Additionally, this trend over time of improving overall survival with doxorubicin in the first-line setting also allowed for possible over-interpretation of the phase 2 doxorubicin plus evofosfamide study, which showed an impressive median overall survival of 21·5 months.10 In retrospect, in view of the outcomes of this study and of sarcoma studies published in the past 2–3 years, the survival results of the phase 2 study could reflect the activity of doxorubicin alone when used as a first-line drug in patients with advanced or metastatic soft-tissue sarcoma. Exploratory imaging would have been helpful (eg, [F-18]fluoromisonidazole), but was beyond the financial and logistical scope of this large international study. Ideally, exploratory imaging could have been incorporated in the phase 2 trial.
A priori, with the initial study design, the true depth and degree of cytopenias that would occur with the combination therapy was uncertain. Although the phase 2 study suggested the combination would not be significantly more toxic than doxorubicin alone, the phase 2 study was not randomised. Therefore, prudence suggested the exclusion of patients with an ECOG performance status of 2 or higher to ensure that no undue harm would occur to patients if increased cytopenias were encountered. Adverse events were reported within 30 days after discontinuation of study drug. Because delayed adverse events can occur outside this window, the study stipulated that any late-occurring adverse events thought to be related to any of the study drugs be reported.
Overall, although the combination of doxorubicin plus evofosfamide in this phase 3 study was generally well tolerated, it was more toxic than doxorubicin monotherapy. Compared with the monotherapy, the combination group had a higher proportion of patients with febrile neutropenia, despite the use of growth factors, in addition to higher proportions of patients with anaemia or thrombocytopenia. Consistent with previous studies in patients with soft-tissue sarcomas, skin toxicity, mucosal toxicity, and enhanced myelosuppression were the most commonly reported adverse events associated with evofosfamide. These adverse events were manageable, as evidenced by the absence of an increase in treatment discontinuation in patients given evofosfamide compared with those given doxorubicin alone. The reported increase in skin and mucosal toxicities that was noted in the combination group was due to evofosfamide. A hypoxic region is believed to exist in the skin where evofosfamide is activated in minute amounts. Extensive precautions were taken to prevent skin toxicity on the trial, which might account for the lower proportion of patients with skin toxicity compared with previous studies with evofosfamide. No differences in EQ-5D-5L outcome measures were reported despite higher rates of toxicity in the combination group than in the doxorubicin alone group. An open-label study such as this one has the potential of confounding quality-of-life results, which are subjective endpoints with high amounts of variance.

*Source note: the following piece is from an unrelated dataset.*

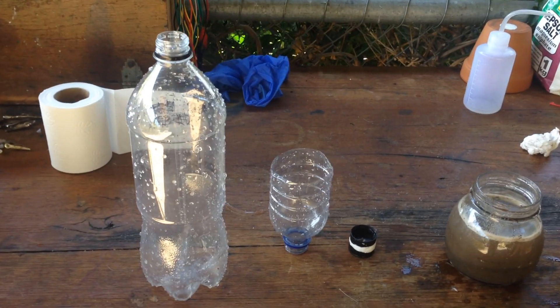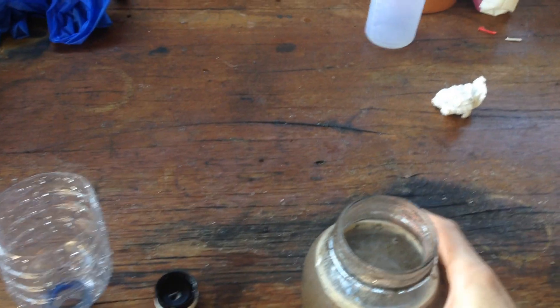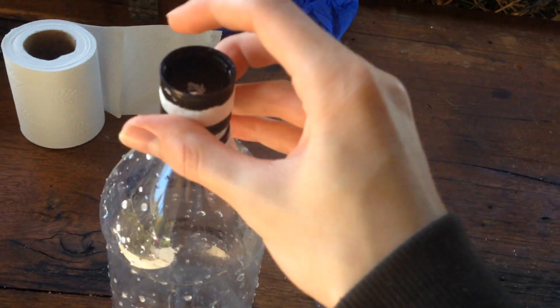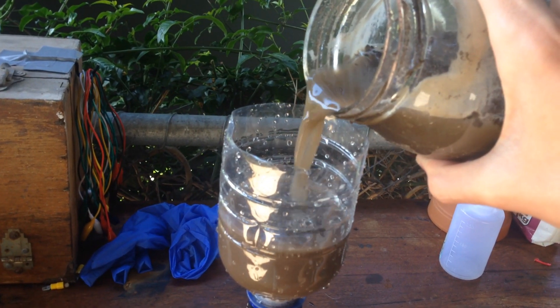So while this vacuum filter works pretty well for that kind of filtration with not many solid particles, what it's really good at is removing solid particles from solutions that have a lot of solid particles — like this. I've just got some water and mixed dirt with it, so we've got a really muddy solution. We want to filter this, so we'll put it back together again and stuff a piece of paper down into the hole in the bottom. We'll use a slightly bigger piece this time, seeing as there are a lot more solids.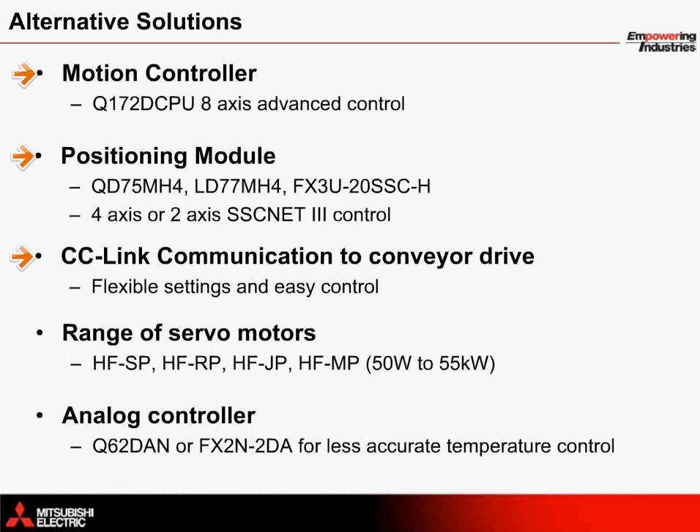Instead of using direct control from the HMI to the VFD to control the conveyor, a CC-Link module can be added to an extension rack to communicate with the drive over a network. A range of servo motors with different sizes and inertia ratings are available for selection. As an alternative to using a temperature controller, an analog controller could be used to set upper and lower limit temperature settings to turn the heater unit on and off when needed. This would provide less accurate temperature control, but may be a nice option for some customers.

Although our inclusion criteria stipulated that patients aged 15 years and older were eligible for this trial, no patients aged 15–18 years were enrolled. Single-drug doxorubicin might not be standard care for most children with sarcoma (at least in the USA). Rather, most paediatric patients with sarcoma would probably be treated with a doxorubicin-based combination. We suspect that children were not enrolled because their treating physicians did not want them to be randomly assigned to the doxorubicin only group. Paediatric patients might also have been preferentially enrolled on paediatric protocols with other drugs.
Tumour resectability was followed up and measured on this trial. Any form of surgical conversion would have been deemed a positive outcome or application of the study drug. We are uncertain as to why the proportion of patients achieving surgical conversion was so low despite the higher proportion of patients achieving an overall response reported in the combination group than in the doxorubicin alone group. Our entry criteria did select for patients with advanced and widespread disease. Therefore, the depth, extent, and duration of responses might not have been sufficient to justify removal of patients from the study to proceed with surgical resection.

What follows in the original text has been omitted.